There are currently 478,675 pending immigration cases in the U.S. court system, according to data tracked by Syracuse University’s Transactional Records Access Clearinghouse (TRAC). Mexicans are the most represented nationality with 117,653 pending cases.

Many cases currently on the books will only be addressed well into 2017, and others will even have to wait until 2020, according to the National Association of Immigration Judges (NAIJ). The federal immigration courts have 277 judges on the bench handling these many cases. The ratio of judges per case is 1 to 1,815.

As recently as 2006, cases were far more manageable. Even though there were only 230 judges then, they only had to contend with 168,827 — meaning each judge only had to handle 734 cases.

Many of the country’s immigration judges are particularly well paid for their increasingly stressful work. The six judges that sit on the Boston Immigration Court rake in between $137,000 and $167,000 a year. But some of these immigration judges often ignore the recommendations of the Department of Homeland Security (DHS), and do not deport many individuals DHS thinks must leave the U.S.

Another TRAC report from August, found that 57 percent of immigrants who could have been deported so far in fiscal year 2016, were granted favorable rulings by various immigration courts, letting them stay in the U.S. Forty-four percent of the illegal immigrants allowed to remain in the U.S. were from gang-troubled Northern Triangle countries: Guatemala, El Salvador, and Honduras.

El Salvador, Guatemala, and Honduras rank in second, third, and fourth place, respectively, in terms of the number of illegal immigrants involved in pending immigration cases.

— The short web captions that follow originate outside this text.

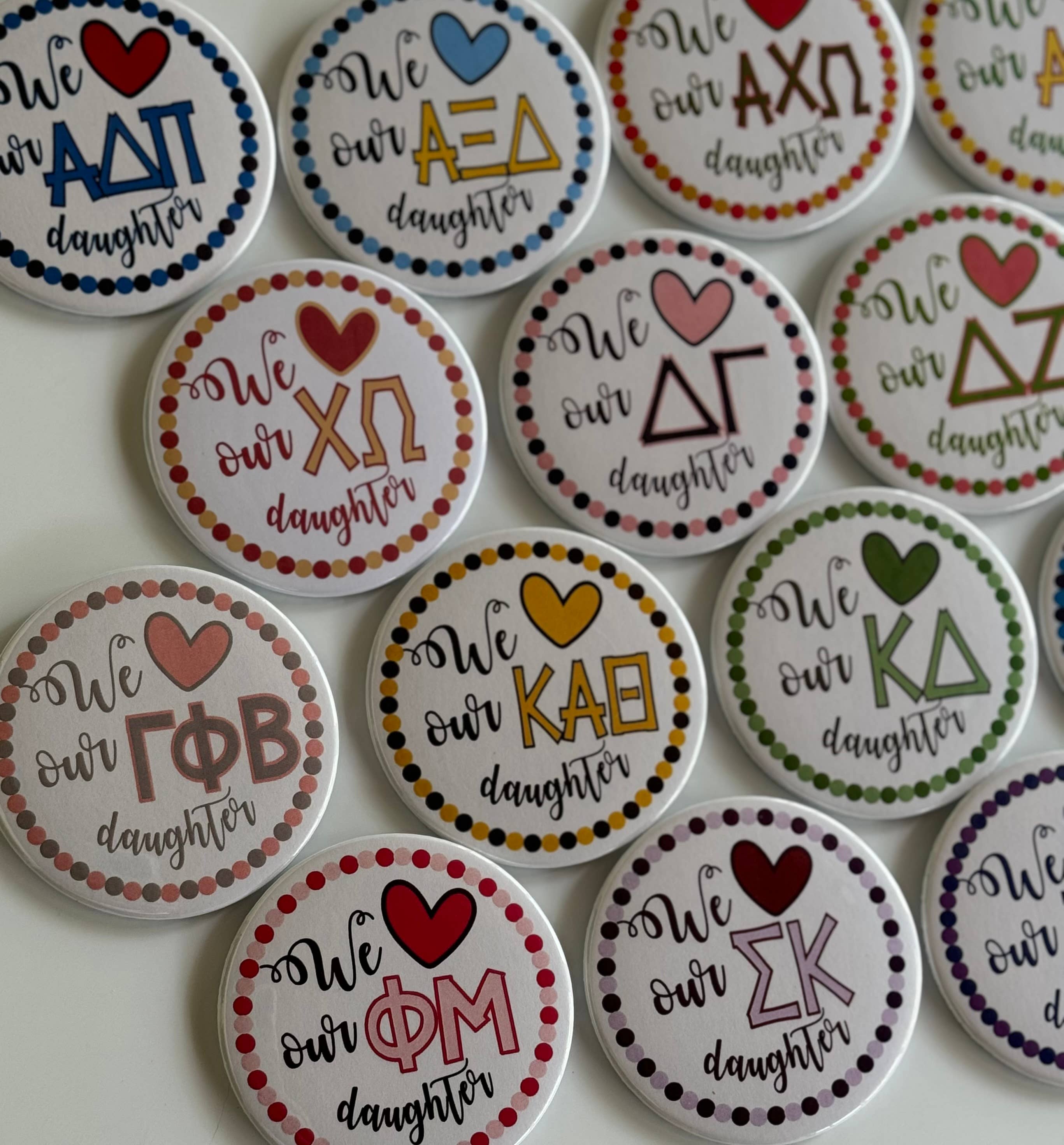 Buttongirl99 – Großhandel Anstecker/Button – 3-Zoll-Knopf „Sorority“, Motiv „Eltern“ /Love Our Daughter3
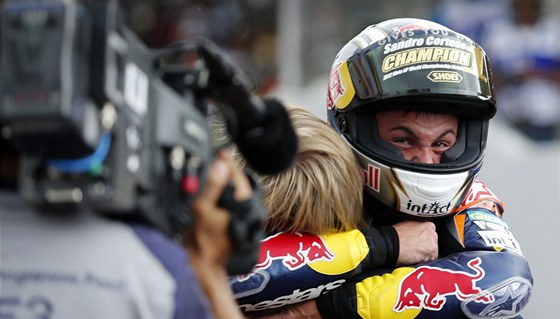 SLÁVA. Nmec Sandro Cortese je prvním svtovým ampionem ve tíd Moto3.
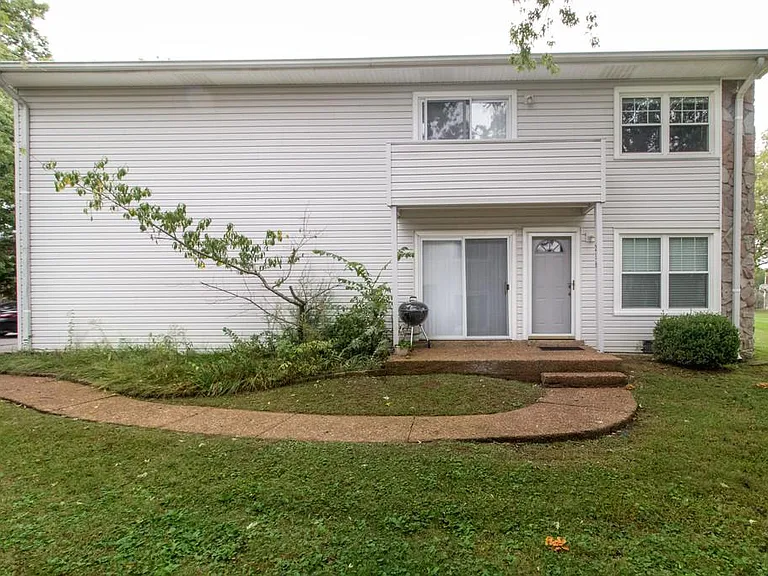 810 Bellevue Rd #218 — Photo 2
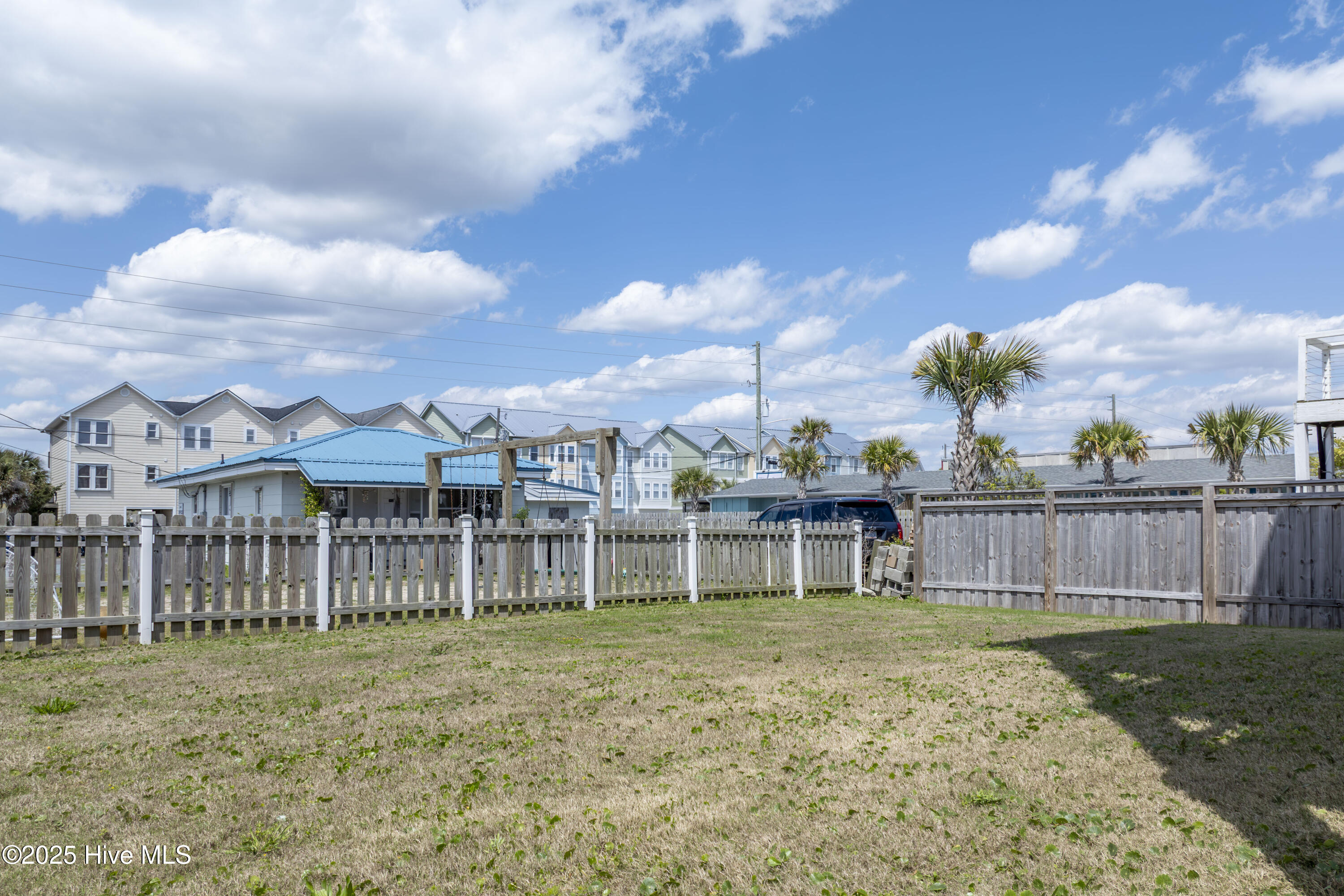 513 N Topsail Drive
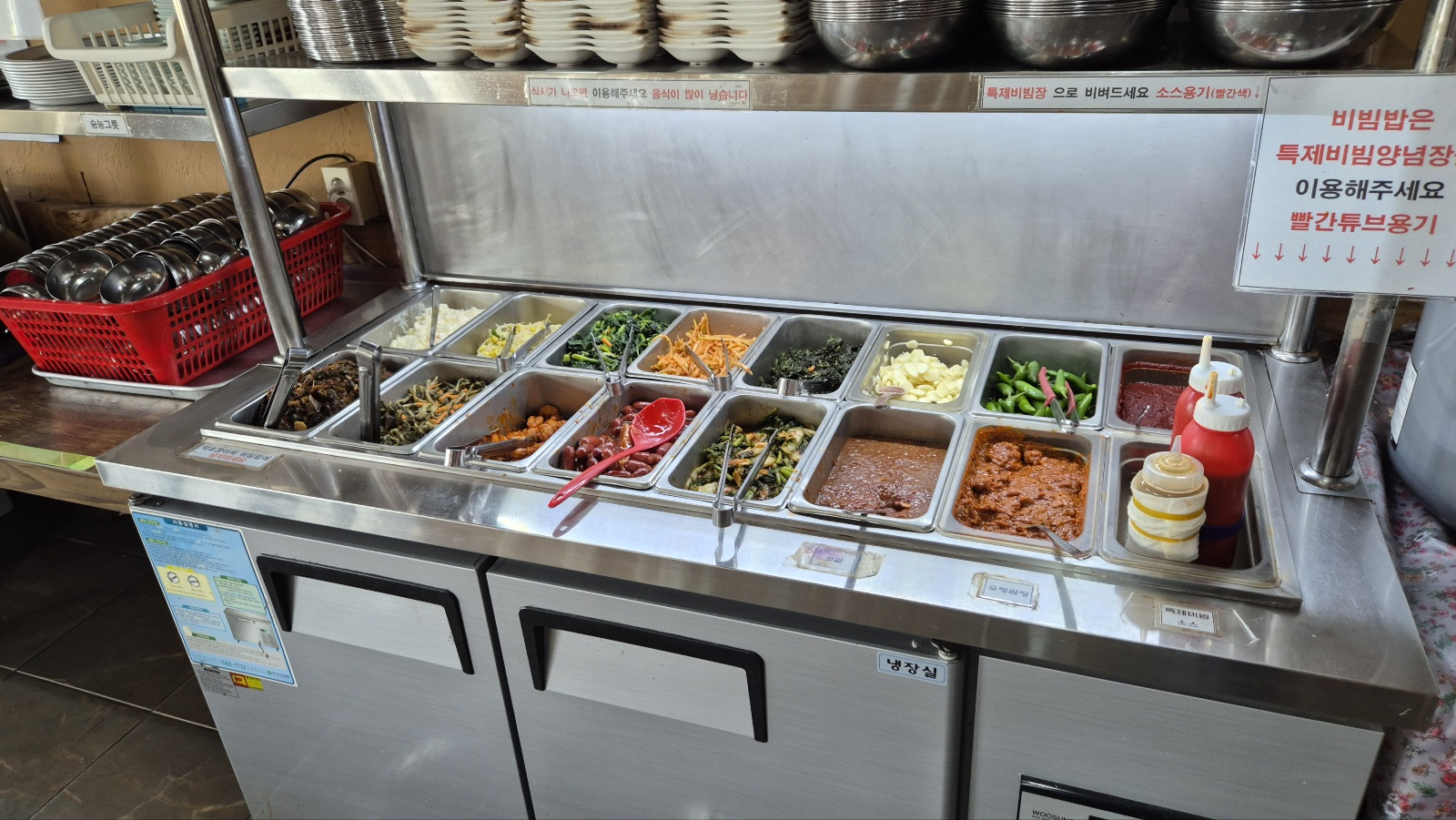각종 비빔밥 재료와 반찬이 있는 셀프바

Salvadorans have 97,432 pending cases, Guatemalans have 73,547 pending cases and Hondurans have 66, 117 pending cases.

Combined, the Northern Triangle countries’ pending immigration cases are almost double those of Mexican cases, at 237,096 in comparison to Mexicans’ 117,653 pending immigration cases.

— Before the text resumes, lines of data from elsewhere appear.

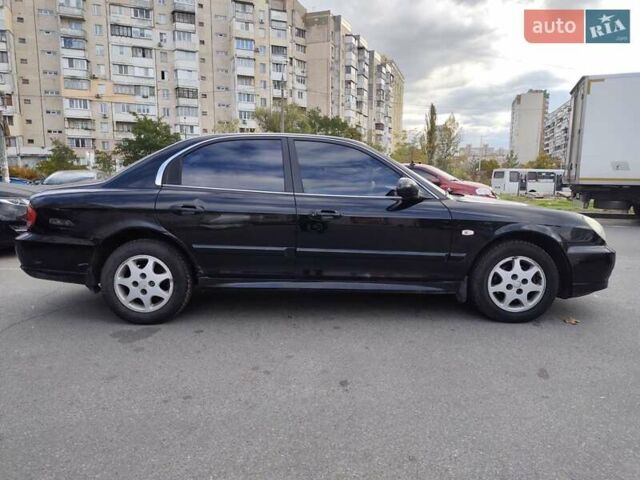 Черный Хендай Соната, объемом двигателя 2 л и пробегом 307 тыс. км за 2850 $, фото 10 на Automoto.ua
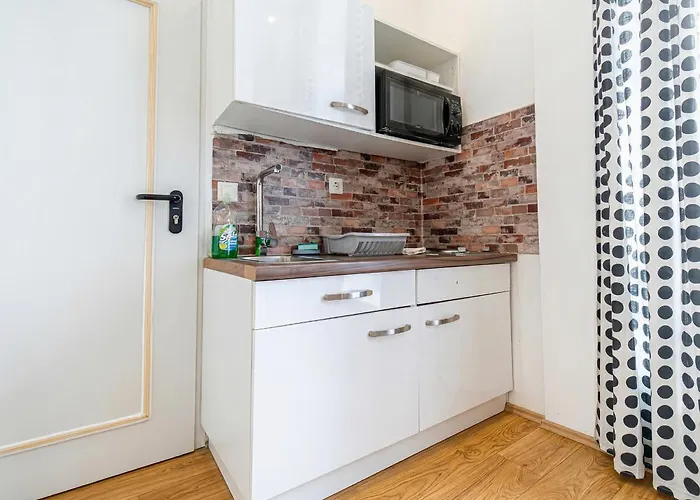 Apartment Affordable Stay, 3 Near Wiener Stadthalle Vienna
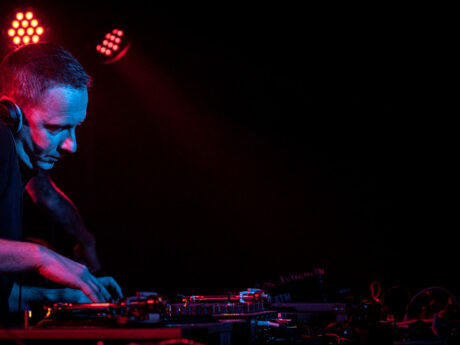 DJ jouant de la musique en direct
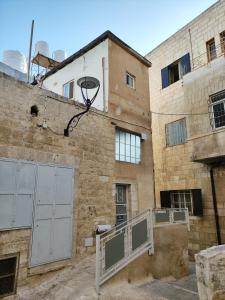 un viejo aro de baloncesto al lado de un edificio en Dar Jacaman - In the heart of Bethlehem old city en Bethlehem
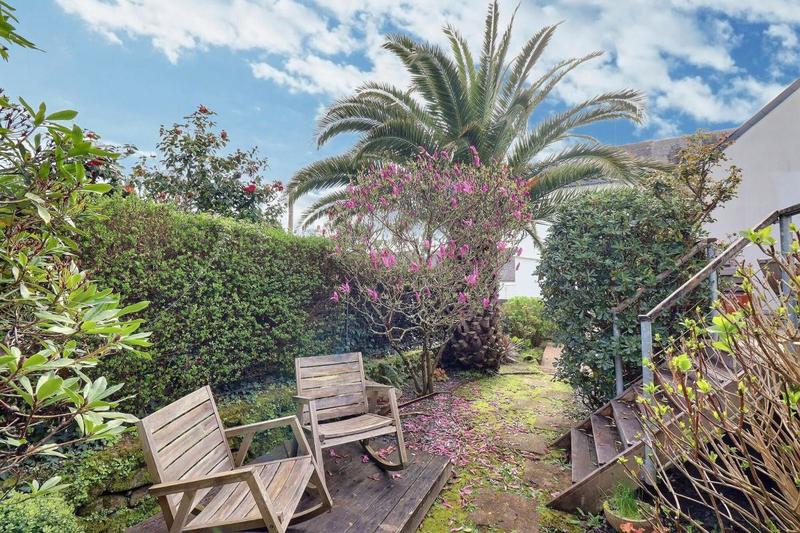 Maison - 186 m² - 6 pièces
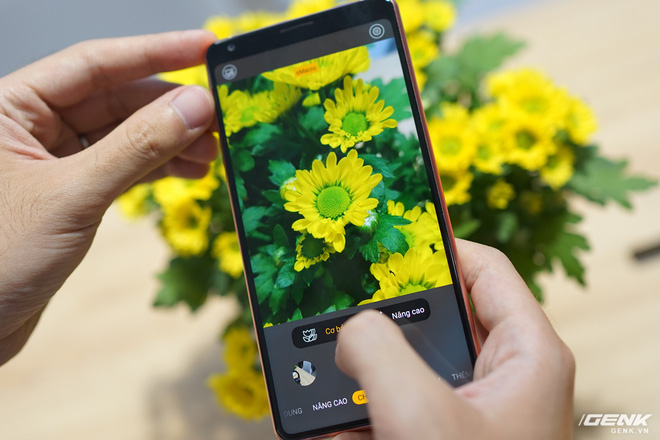 Phó chủ tịch BKAV nói về camera tele trên smartphone: 'Marketing, móc túi khách hàng và khè nhau' Phó chủ tịch BKAV nói về camera tele trên smartphone: 'Marketing, móc túi khách hàng và khè nhau'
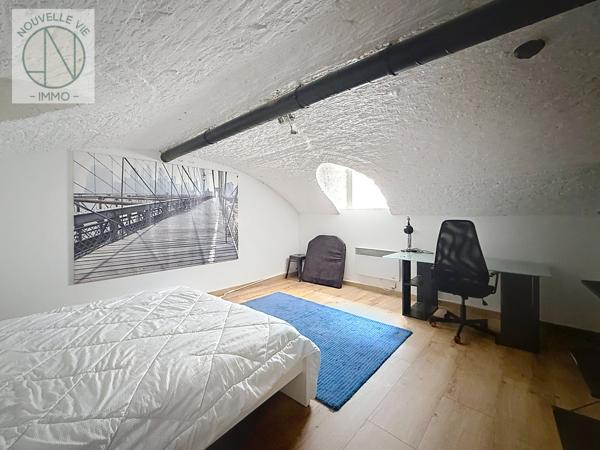 Duplex
                                                                                                                                                                                                                                                                                                                        3 pièce(s)                                                                                                                                                                                                          2 chambre(s)                                                                                                                                                                                                          83  m²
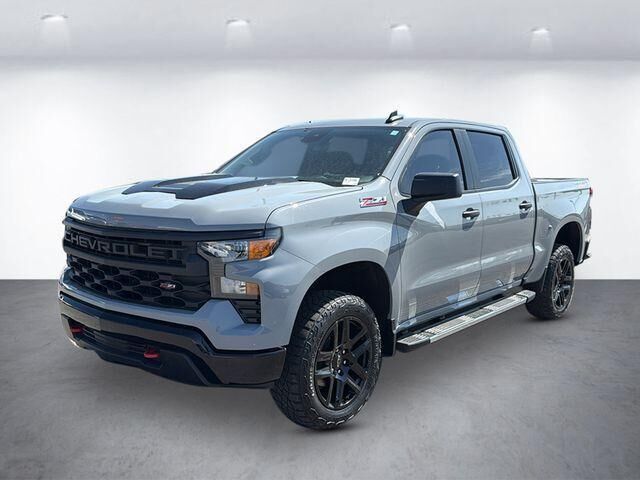 2024 CHEVROLET Silverado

“The problem was created by the fact that we have built in so many layers of appeal for people who are contesting their removal from the US.,” Federation for American Immigration Reform (FAIR) spokesman Ira Mehlman told The Daily Caller News Foundation. “What the attorney have discovered is that it does two things: it generates more fees for them and it increases the chances that their client will get to remain in the US.”

While an illegal immigrant’s case is pending, they are allowed to apply for a work permit and remain in the U.S. Hondurans and Salvadorans have the added advantage of being from Temporary Protected Status (TPS) countries, according to U.S. Citizenship and Immigration Services (USCIS), which means they have special privileges that non-TPS illegal immigrants do not get.

“They [USCIS] need to remember first of all that the ‘T’ in TPS stands for Temporary. You have situations where the event that triggered TPS happened years ago,” is the central problem in the TPS system in Mehlman’s opinion.

“You look at most countries where TPS has been extended, some of these go back years and years. The argument seems to be that until these countries turn into The Garden of Eden that we’re not going to be able to ever send anybody home,” the FAIR spokesman told TheDCNF.

As illegal immigrants from TPS countries, Hondurans and Salvadorans can obtain temporary residency and cannot be deported. USCIS assigns TPS status to individuals from countries that are enduring ongoing wars or suffering in the wake of a major natural disaster.

Syria is another TPS country. The war-torn Middle Eastern country currently has 906 pending immigration cases.

TheDCNF reached out to the Senate Committee on the Judiciary and the House Judiciary Committee for comment. The Senate Committee on the Judiciary did not get back to TheDCNF. The House Judiciary Committee referred TheDCNF to two bills that were not directly pertinent to the court system’s backlog.